Les révolutions arabes continuent, de la Mauritanie à Bahreïn avec des avances et des reculs inégaux et avec la possibilité que l’intervention sélective des puissances occidentales  les fasse dérailler ou entrer dans une impasse. Mais il est certain que les peuples arabes ont pris la parole et ce faisant ils ont mis en difficultés tous les acteurs de la région, qui préféraient l’équilibre belliqueux et familier à ce « désordre » démocratique inattendu. Dans ce sens, Israël a beaucoup de raisons d’ être inquiet. Comme nous le rappelle l’analyste israélien Ben Kasbit, tous les changements qui étendent la démocratie dans la région mettent en danger l’existence d’Israël, au moins dans sa conception coloniale-sioniste, car s’il y a une chose que toutes les populations arabes partagent, c’est l’animosité envers l’Etat hébreu qui tue les Palestiniens. En fait, les dictatures arabes que les peuples essaient maintenant de renverser étaient aussi des boucliers de protection d’Israël contre la volonté majoritaires de leurs citoyens. Si les Arabes étaient un jour capables de s’exprimer démocratiquement ils demanderaient aussitôt – comme cela se passe déjà en Egypte et en Tunisie – la révision des rapports avec Israël et l’adoption de mesures orientées vers une vraie solidarité avec la Palestine.

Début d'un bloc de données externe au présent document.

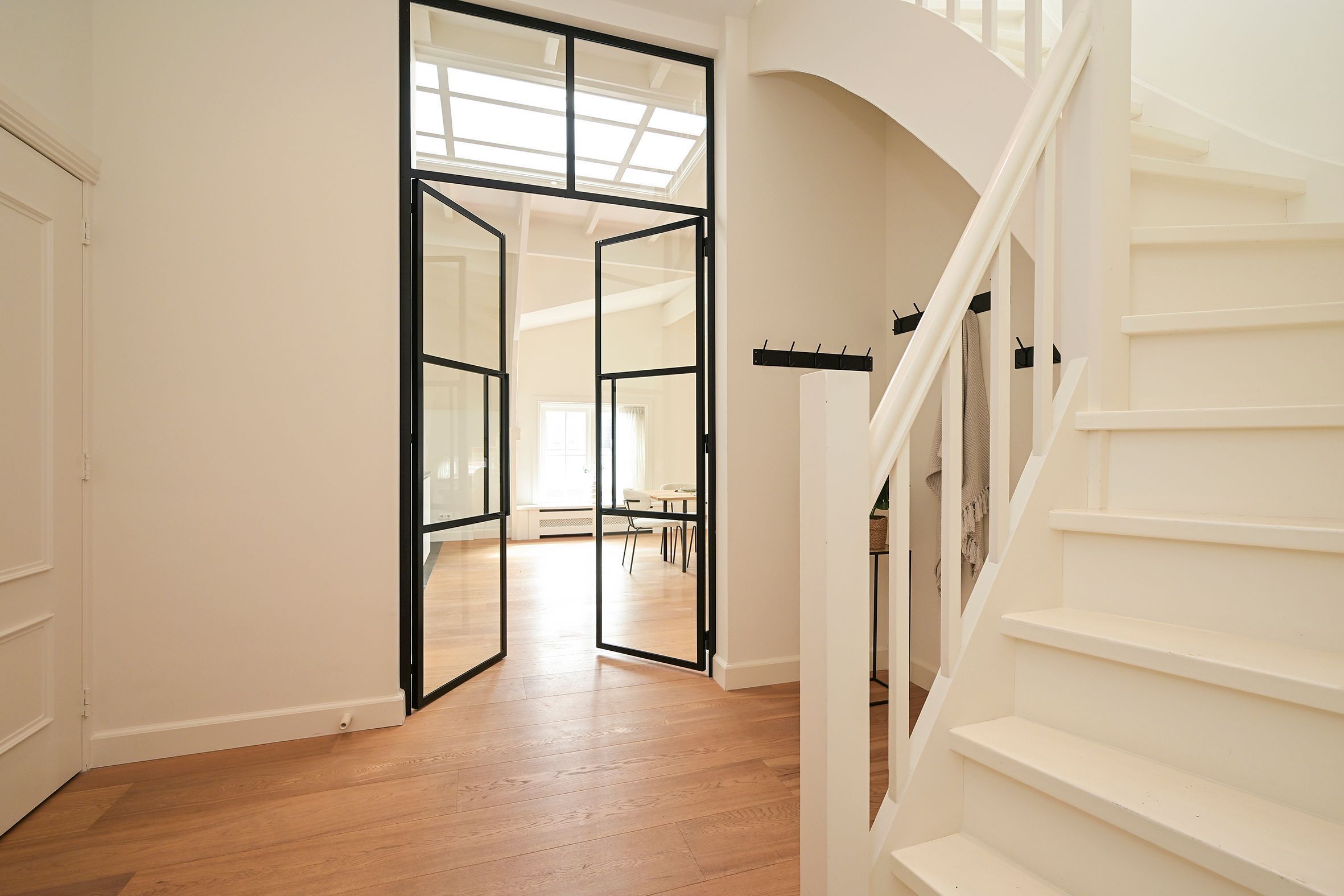 Anna Paulownastraat 103-C Photo Blur 2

Sur cela toutes les forces politiques, tant la gauche que les islamistes, sont d’accord. Les changements de gouvernement qui ont eu lieu dans la région, même si à la fin ils n’arrivent pas aussi loin que nous l’aimerions, ont déjà changé la région en forçant les USA à modifier leurs alliances et même à entrer en collision avec Israël pour la première fois. Et la région a aussi changé parce qu’elle a dignifié et unifié à nouveau le monde arabe en marge de la religion en le liant immédiatement à un mouvement mondial ou, au moins, méditerranéen qui nous force à repenser tous nos paramètres d’interprétation. Le monde arabe retourne au centre de l’histoire et nous ne devons pas oublier que le centre symbolique du monde arabe est la Palestine. Le centre de l’histoire est maintenant la Palestine. Et pour cette raison – comme la plupart des médias arabes les plus importants le montrent très clairement, même pendant les bouleversements en Syrie, en Libye et au Yémen – la Flottille pour la Liberté de Gaza occupe une place importante dans l’attention du monde arabe.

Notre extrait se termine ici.